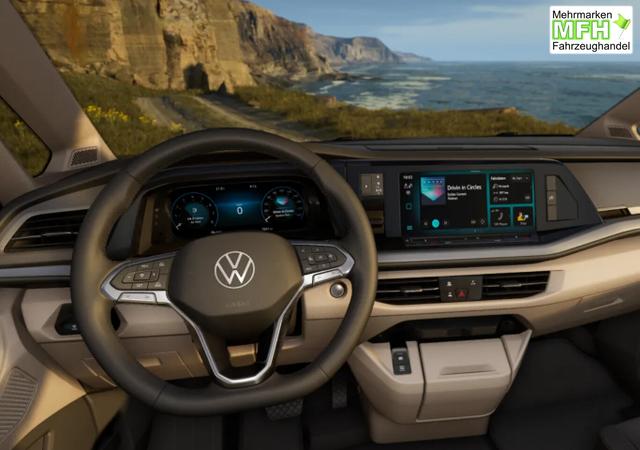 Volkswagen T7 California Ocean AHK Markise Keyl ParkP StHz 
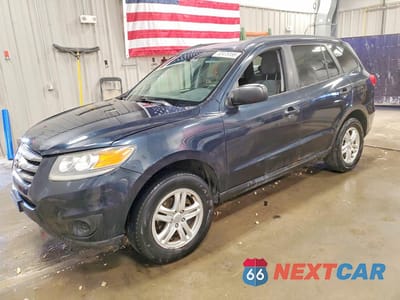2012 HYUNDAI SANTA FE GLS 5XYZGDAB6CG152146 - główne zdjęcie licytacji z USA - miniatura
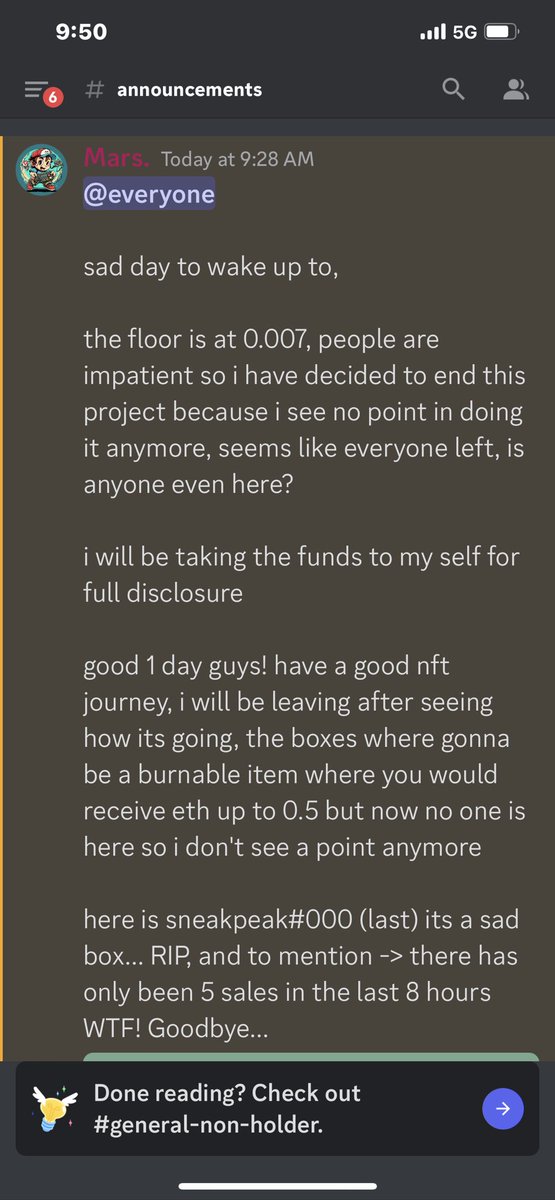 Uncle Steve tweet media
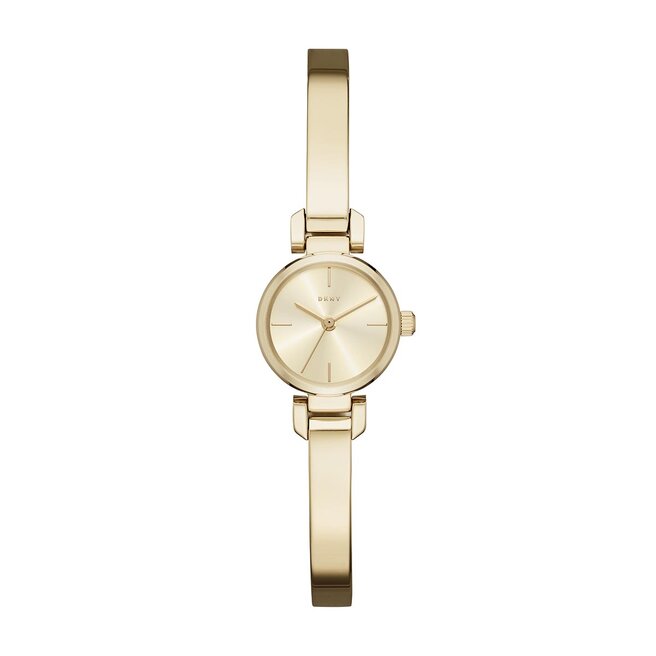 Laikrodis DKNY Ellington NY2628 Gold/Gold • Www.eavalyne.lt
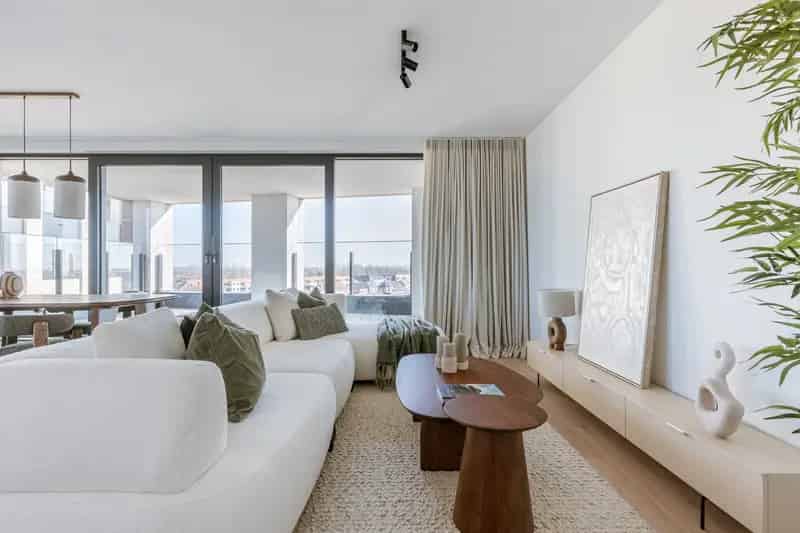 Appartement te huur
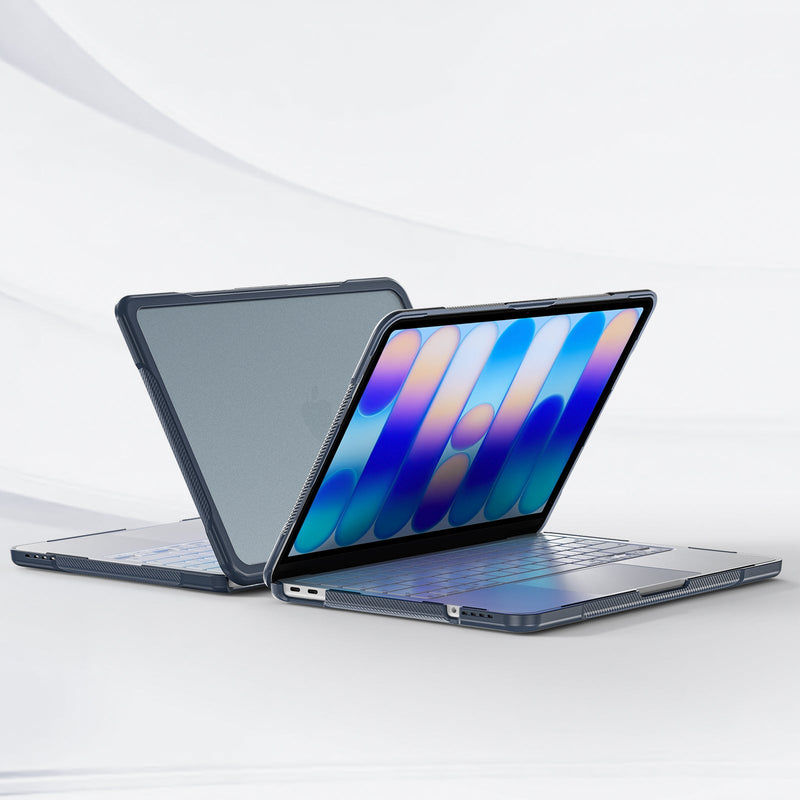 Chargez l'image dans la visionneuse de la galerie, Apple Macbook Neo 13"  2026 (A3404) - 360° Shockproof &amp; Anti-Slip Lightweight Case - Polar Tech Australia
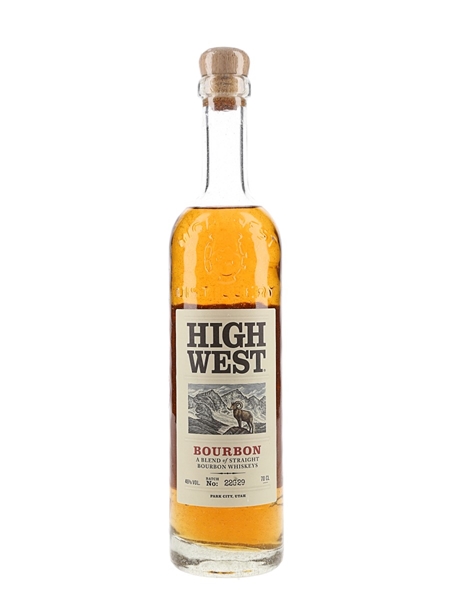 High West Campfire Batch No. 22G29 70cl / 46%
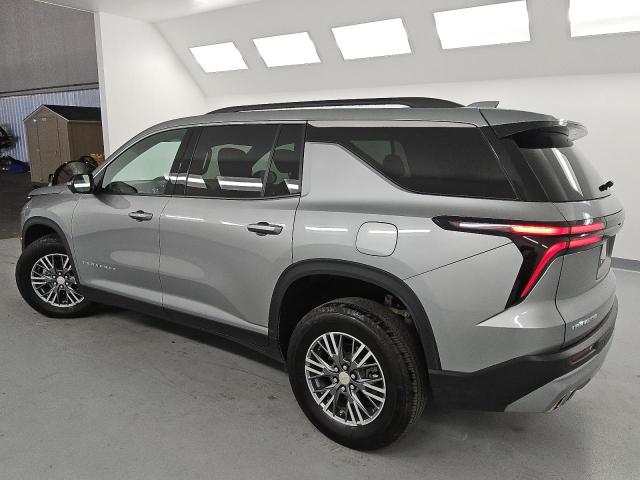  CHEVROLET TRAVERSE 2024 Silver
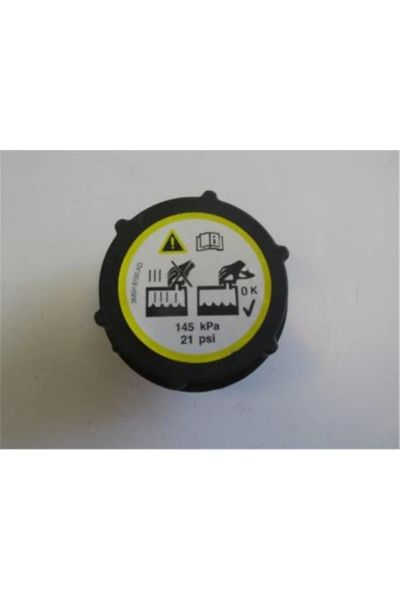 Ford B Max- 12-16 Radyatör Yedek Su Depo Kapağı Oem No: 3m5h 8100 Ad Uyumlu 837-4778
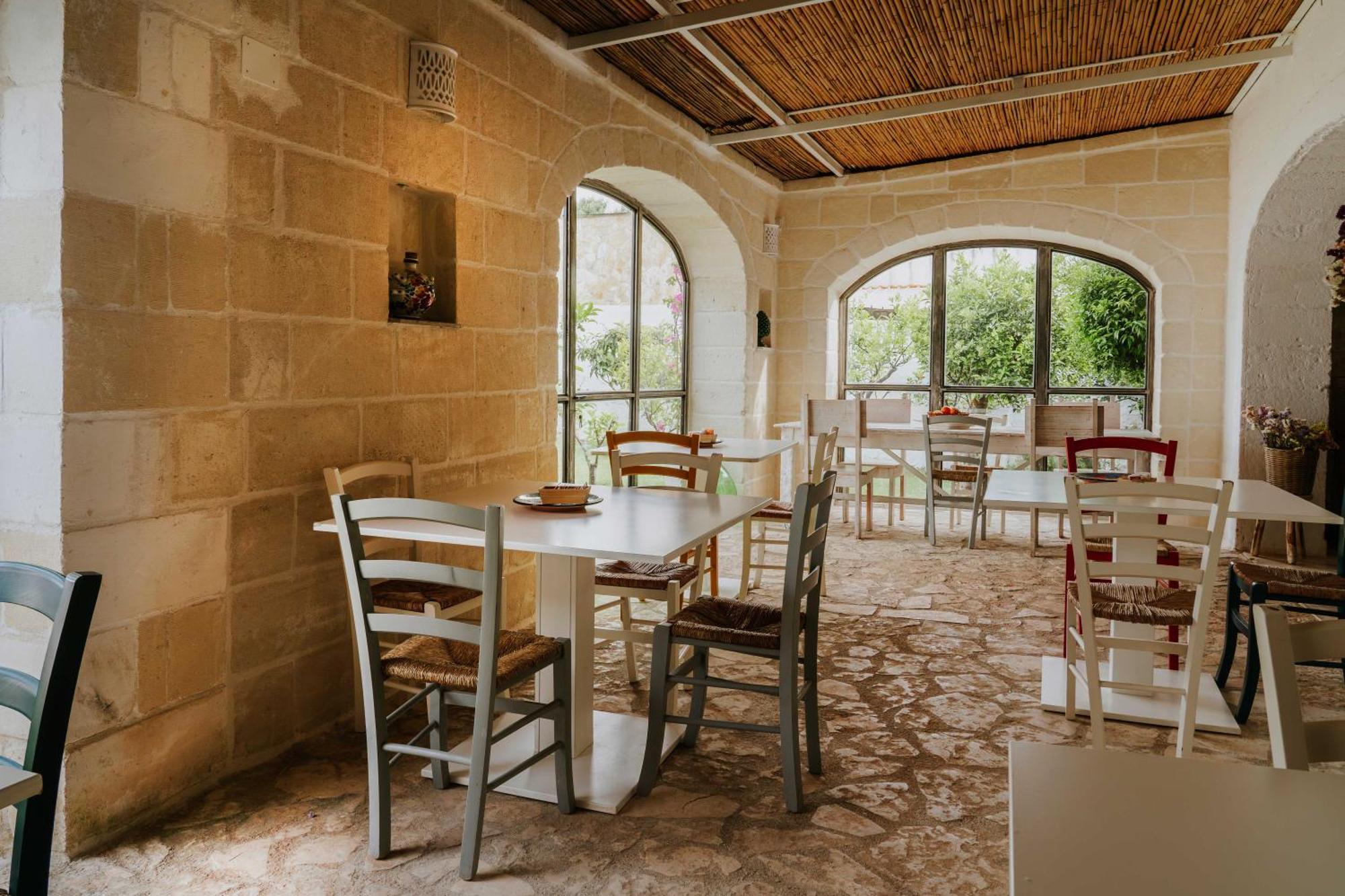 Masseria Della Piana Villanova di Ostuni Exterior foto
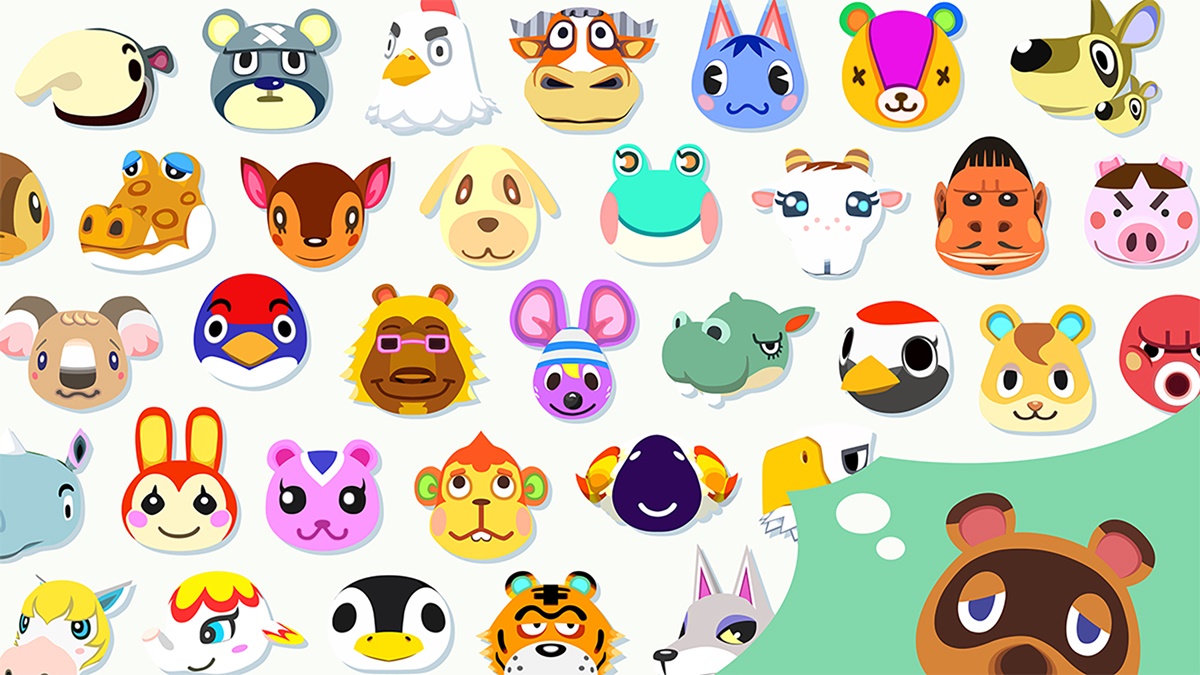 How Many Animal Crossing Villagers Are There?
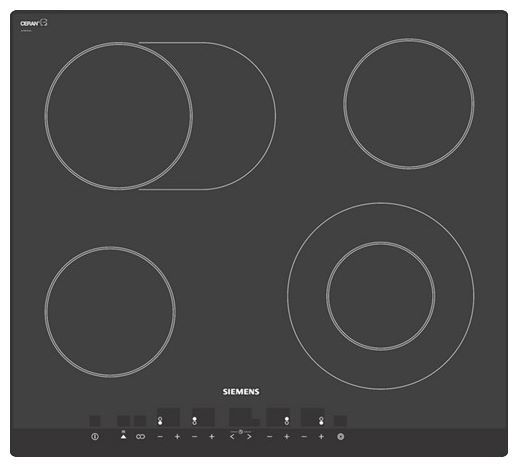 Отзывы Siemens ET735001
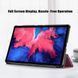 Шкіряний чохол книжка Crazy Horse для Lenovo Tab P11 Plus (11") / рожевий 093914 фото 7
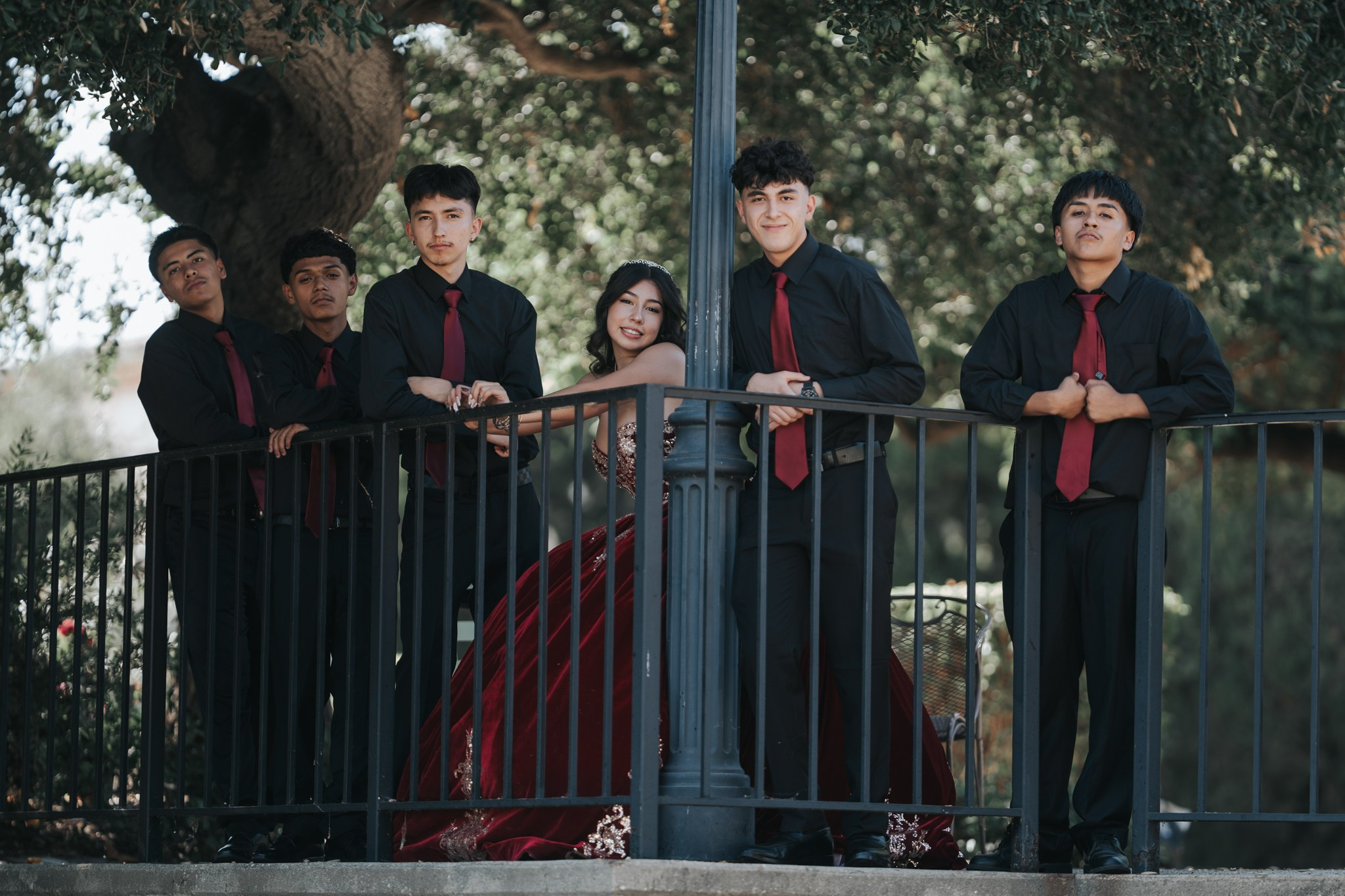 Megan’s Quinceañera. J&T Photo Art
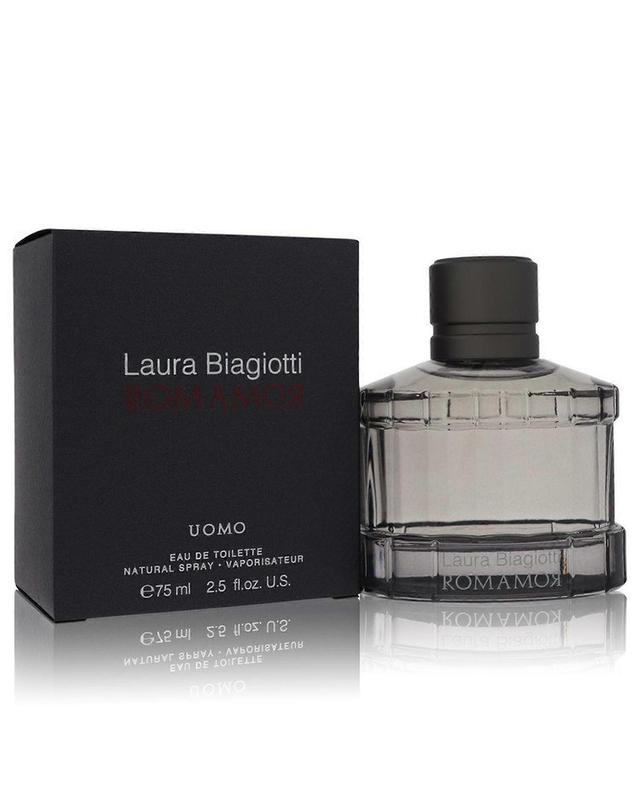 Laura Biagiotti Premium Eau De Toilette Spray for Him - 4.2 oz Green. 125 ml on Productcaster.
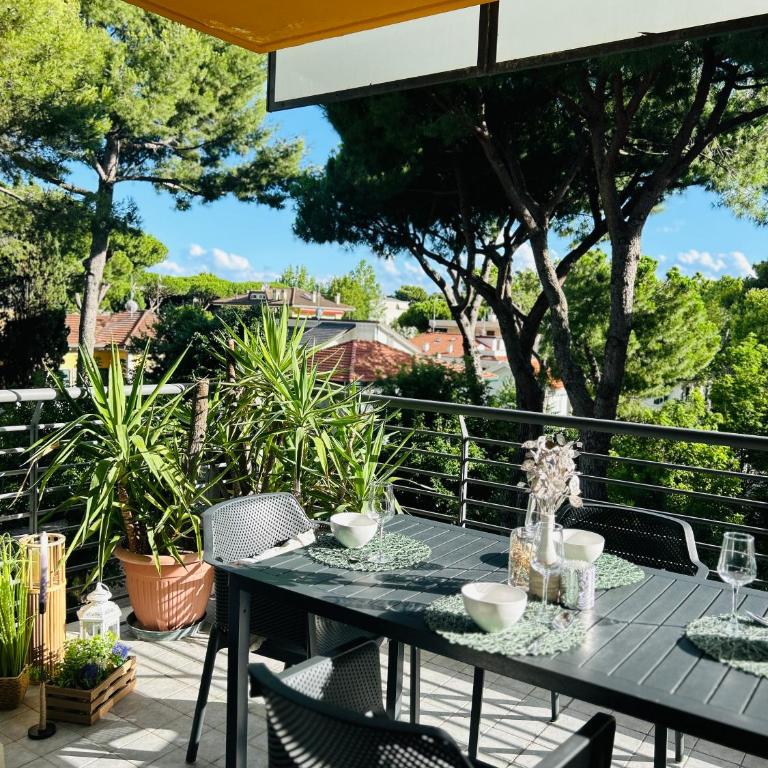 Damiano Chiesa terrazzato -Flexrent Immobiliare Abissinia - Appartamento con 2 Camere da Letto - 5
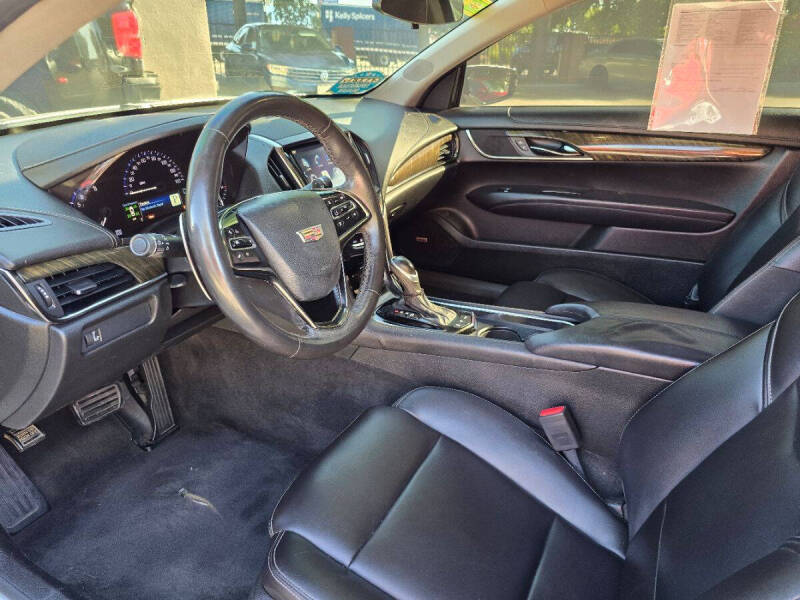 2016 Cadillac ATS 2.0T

================

**What is being asked**
Using the data above, output the line that has "High West Campfire", the line that has "Шкіряний чохол книжка", and whatever lines fall between, each exactly as it stands and without pictures.

**Answer section**
 High West Campfire Batch No. 22G29 70cl / 46%
  CHEVROLET TRAVERSE 2024 Silver
 Ford B Max- 12-16 Radyatör Yedek Su Depo Kapağı Oem No: 3m5h 8100 Ad Uyumlu 837-4778
 Masseria Della Piana Villanova di Ostuni Exterior foto
 How Many Animal Crossing Villagers Are There?
 Отзывы Siemens ET735001
 Шкіряний чохол книжка Crazy Horse для Lenovo Tab P11 Plus (11") / рожевий 093914 фото 7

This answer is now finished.